Fahrenheit, de nieuwe über 3D API waarvan het de bedoeling is dat deze OpenGL en Direct3D versmelt, is in goede Microsoft-traditie inmiddels al met een jaar vertraagd...
Meanwhile, Microsoft is working on two other APIs, targeted at different markets. Both, once they are available, will hold out the promise of new applications and features in the graphics market.
Windows 2000 is slated to incorporate GDI+, an API that will merge the existing 2-D GDI and Direct3D formats and is expected to enhance 3-D capabilities on desktop PCs. Separately, DirectX version 7 is expected imminently and will let PC graphics chips use hardware-based transformation and lighting technology for the first time. "The reality is that if these features are not supported by [the API], they don't get used," said Dean McCarron, principal analyst for Mercury Research, in Scottsdale, Ariz. He said graphics-chip vendors are anxiously awaiting DirectX7 because implementing the transformation and lighting features will off-load much of the geometry computing tasks from the microprocessor and could dramatically improve desktop graphics performance.

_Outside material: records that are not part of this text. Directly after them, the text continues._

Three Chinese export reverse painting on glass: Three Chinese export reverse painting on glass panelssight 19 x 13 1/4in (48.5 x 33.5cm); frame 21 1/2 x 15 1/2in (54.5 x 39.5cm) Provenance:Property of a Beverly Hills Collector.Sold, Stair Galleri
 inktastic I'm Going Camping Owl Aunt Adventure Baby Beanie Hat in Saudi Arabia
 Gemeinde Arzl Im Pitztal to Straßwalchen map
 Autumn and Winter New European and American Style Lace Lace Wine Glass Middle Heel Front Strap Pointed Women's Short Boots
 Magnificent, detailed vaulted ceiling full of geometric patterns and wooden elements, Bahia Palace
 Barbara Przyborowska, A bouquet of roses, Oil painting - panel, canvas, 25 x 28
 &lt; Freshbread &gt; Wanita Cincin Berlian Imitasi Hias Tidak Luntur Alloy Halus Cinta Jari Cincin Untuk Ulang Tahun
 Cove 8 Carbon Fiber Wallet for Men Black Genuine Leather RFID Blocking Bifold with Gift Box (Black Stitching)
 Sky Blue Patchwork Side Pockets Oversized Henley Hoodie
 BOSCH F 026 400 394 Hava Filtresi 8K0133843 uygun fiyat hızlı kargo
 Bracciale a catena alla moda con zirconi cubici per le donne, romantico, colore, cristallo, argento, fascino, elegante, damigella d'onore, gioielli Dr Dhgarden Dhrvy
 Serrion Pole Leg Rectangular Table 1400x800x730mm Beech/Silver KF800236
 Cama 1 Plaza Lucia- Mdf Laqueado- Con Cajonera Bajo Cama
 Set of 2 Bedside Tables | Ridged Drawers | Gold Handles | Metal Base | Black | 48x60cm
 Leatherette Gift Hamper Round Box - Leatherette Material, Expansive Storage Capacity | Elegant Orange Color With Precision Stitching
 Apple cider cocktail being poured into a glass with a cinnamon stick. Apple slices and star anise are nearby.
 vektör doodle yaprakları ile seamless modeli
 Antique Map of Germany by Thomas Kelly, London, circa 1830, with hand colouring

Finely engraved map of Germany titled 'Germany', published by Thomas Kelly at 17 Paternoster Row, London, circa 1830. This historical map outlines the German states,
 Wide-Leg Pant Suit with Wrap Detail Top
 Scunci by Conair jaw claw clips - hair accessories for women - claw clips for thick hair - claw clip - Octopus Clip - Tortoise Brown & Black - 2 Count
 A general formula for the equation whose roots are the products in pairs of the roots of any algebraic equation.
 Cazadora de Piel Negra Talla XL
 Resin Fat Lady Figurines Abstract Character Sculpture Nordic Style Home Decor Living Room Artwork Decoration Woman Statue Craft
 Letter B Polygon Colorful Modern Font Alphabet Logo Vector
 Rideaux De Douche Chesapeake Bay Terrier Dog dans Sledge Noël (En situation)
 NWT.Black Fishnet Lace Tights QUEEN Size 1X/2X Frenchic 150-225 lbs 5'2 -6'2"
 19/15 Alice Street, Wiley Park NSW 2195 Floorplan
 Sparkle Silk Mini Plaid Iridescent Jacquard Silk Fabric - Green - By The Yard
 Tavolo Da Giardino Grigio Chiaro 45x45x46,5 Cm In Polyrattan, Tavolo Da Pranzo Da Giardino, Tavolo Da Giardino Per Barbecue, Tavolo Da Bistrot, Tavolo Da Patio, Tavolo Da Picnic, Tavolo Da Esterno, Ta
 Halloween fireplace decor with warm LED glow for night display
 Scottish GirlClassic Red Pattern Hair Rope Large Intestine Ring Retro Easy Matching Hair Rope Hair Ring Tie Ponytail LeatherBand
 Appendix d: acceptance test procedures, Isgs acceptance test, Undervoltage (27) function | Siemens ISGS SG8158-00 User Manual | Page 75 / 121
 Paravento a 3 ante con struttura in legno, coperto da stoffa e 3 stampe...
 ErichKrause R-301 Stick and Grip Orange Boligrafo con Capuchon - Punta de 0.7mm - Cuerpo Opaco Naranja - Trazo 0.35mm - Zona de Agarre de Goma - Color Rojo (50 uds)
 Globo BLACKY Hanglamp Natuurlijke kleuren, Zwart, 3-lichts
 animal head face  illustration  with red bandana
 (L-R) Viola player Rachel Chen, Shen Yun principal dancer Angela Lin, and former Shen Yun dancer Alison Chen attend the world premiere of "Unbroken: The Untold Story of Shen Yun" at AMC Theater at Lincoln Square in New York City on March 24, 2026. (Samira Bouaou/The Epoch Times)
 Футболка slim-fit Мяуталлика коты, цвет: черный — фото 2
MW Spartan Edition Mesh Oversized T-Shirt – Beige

[...] The Fahrenheit delay demonstrates the increasingly complex nature of advanced graphics. The project was unveiled in December 1997 as part of a broad cooperative effort between SGI and Microsoft. The duo was expected to deliver a range of low- and high-level software architectures that would merge the best of SGI's Unix-based professional-class graphics capabilities with Microsoft's growing 3-D presence for Windows-based PC games.
[...] But Microsoft and SGI are finding it more difficult than they expected to unify the Direct3D environment of Windows with the OpenGL API from the graphics giant. The two sides now believe they will not be able to deliver a single low-level API that embraces both environments until at least some time in 2001, and the first high-level tools created for use over both worlds will not be ready for use until some time next year.